Your goal:
Exactly the lines below from the line with "Белый Фольксваген Тигуан, объемом" through the line with "Beykoz'da otomobil kaldırımdaki" must make up the answer, both ends included and pictures left out.
*** Opening of Source data ***
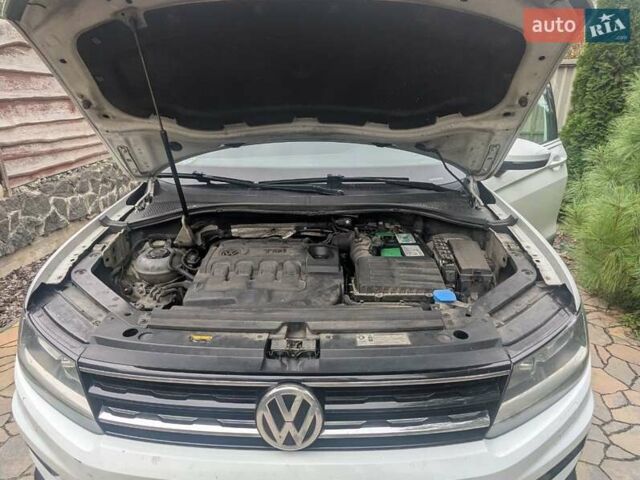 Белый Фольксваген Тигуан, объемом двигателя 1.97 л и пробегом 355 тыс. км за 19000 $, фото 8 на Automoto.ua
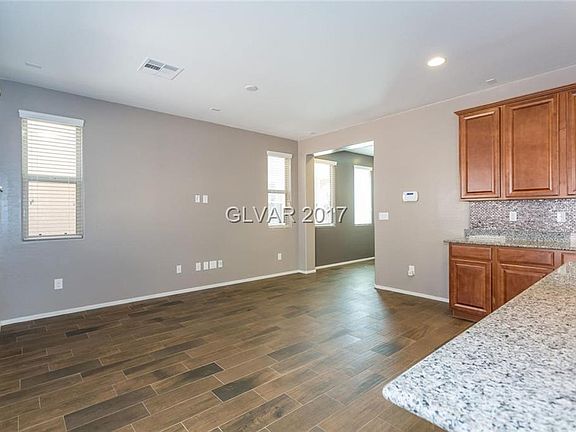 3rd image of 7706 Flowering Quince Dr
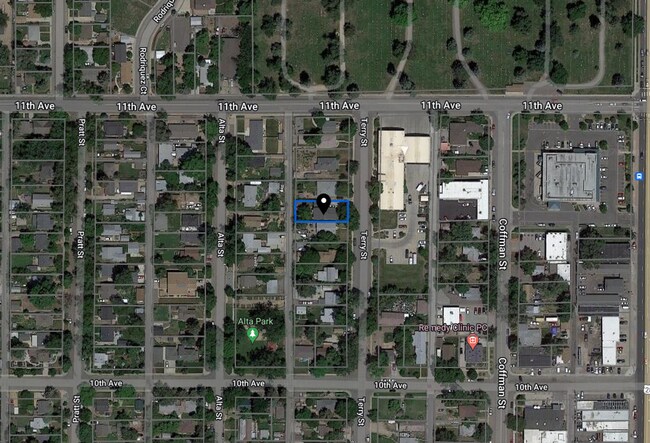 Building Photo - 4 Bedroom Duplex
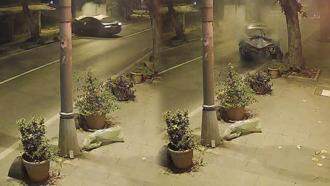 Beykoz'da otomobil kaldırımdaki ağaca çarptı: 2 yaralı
*** Close of Source data ***
*** Opening of Source data ***
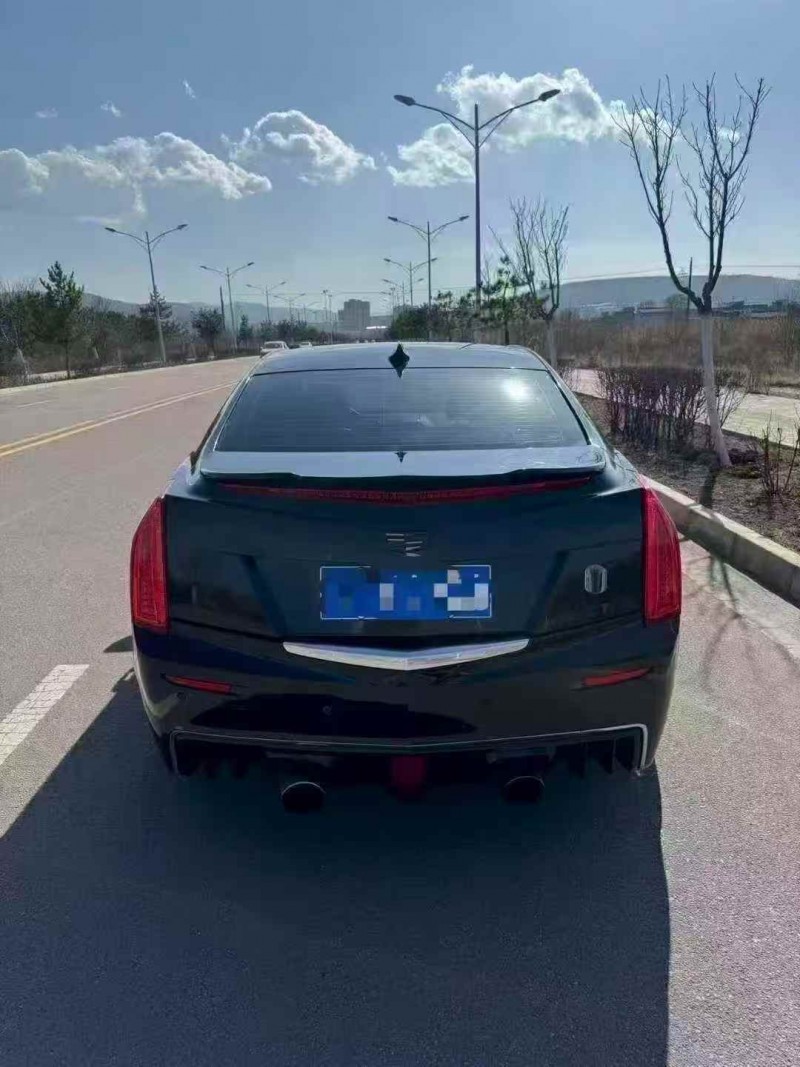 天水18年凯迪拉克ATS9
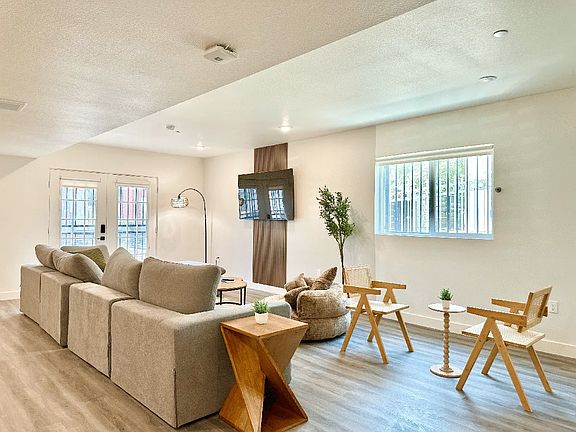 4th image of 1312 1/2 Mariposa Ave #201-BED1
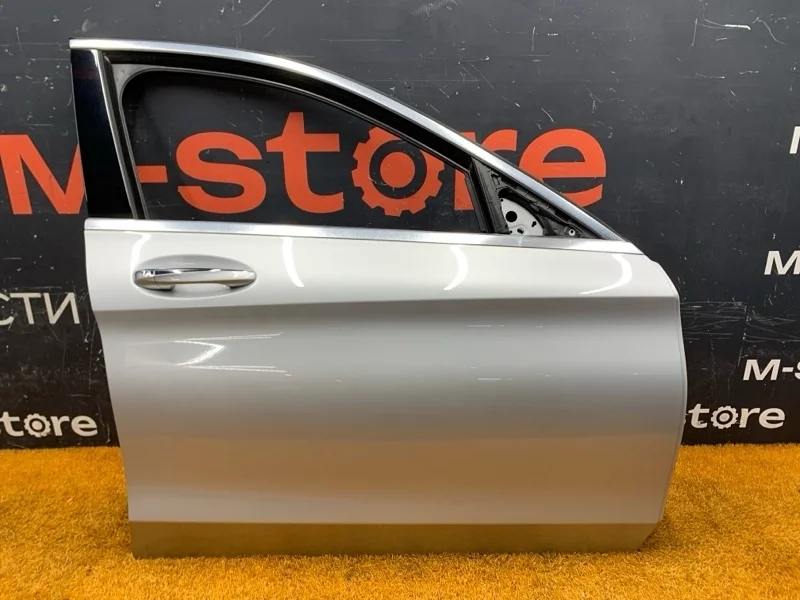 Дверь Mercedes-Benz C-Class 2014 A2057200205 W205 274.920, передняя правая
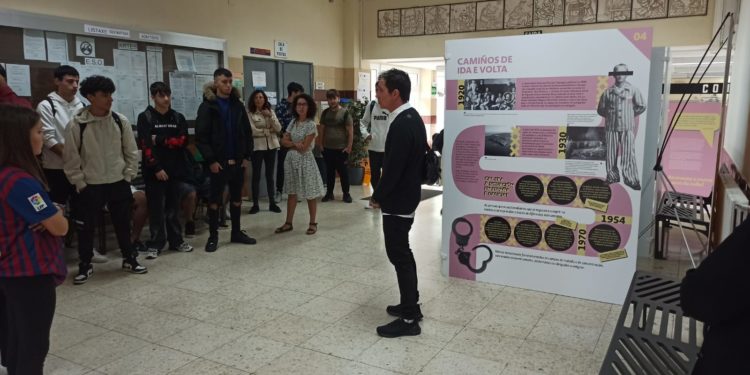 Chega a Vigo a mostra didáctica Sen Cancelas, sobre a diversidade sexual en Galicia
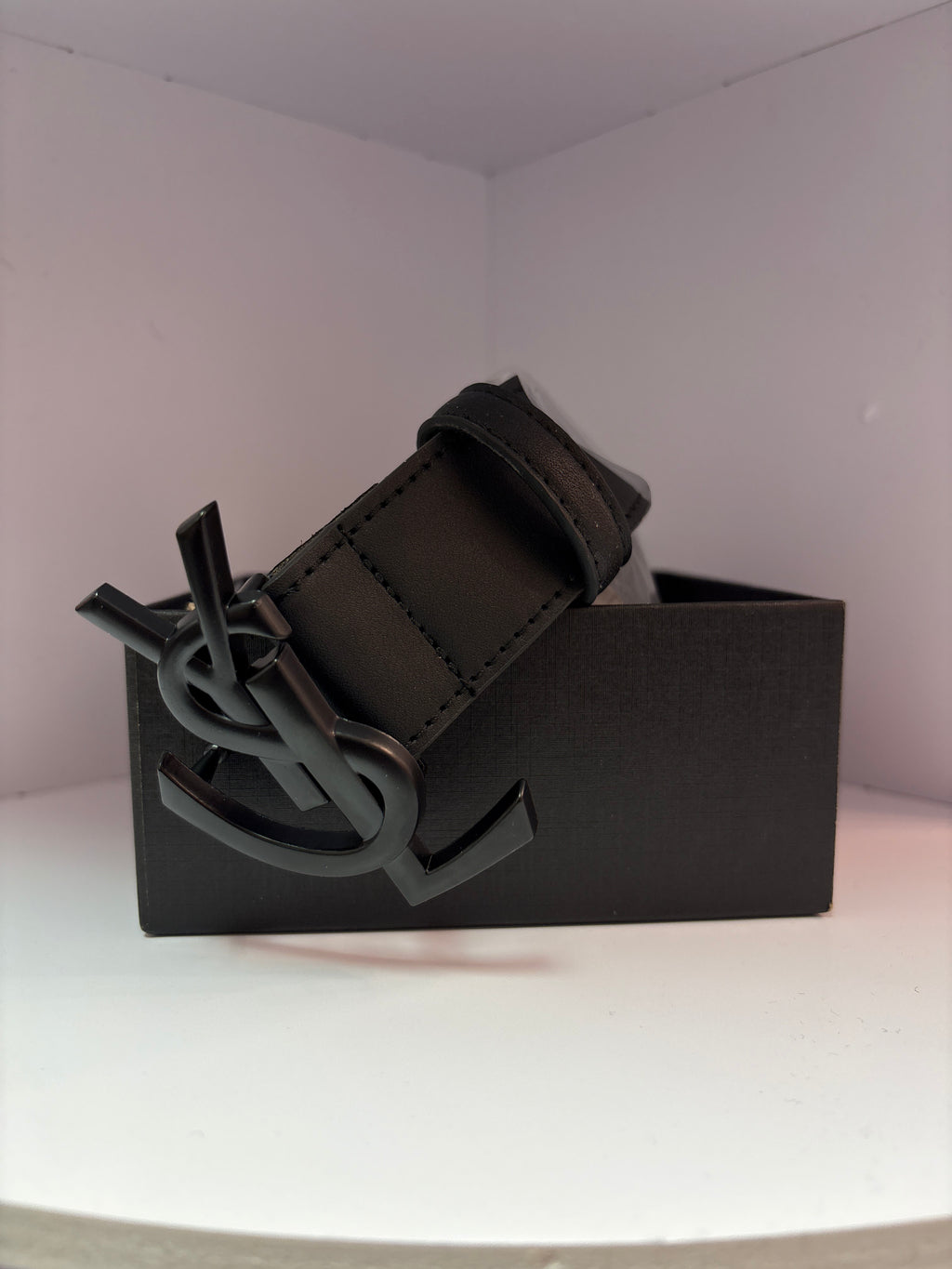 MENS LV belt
*** Close of Source data ***
*** Opening of Source data ***
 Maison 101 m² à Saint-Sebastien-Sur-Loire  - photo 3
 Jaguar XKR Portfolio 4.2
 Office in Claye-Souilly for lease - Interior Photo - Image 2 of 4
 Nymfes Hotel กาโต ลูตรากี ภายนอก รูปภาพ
*** Close of Source data ***
Solved exercise:
 Белый Фольксваген Тигуан, объемом двигателя 1.97 л и пробегом 355 тыс. км за 19000 $, фото 8 на Automoto.ua
 3rd image of 7706 Flowering Quince Dr
 Building Photo - 4 Bedroom Duplex
 Beykoz'da otomobil kaldırımdaki ağaca çarptı: 2 yaralı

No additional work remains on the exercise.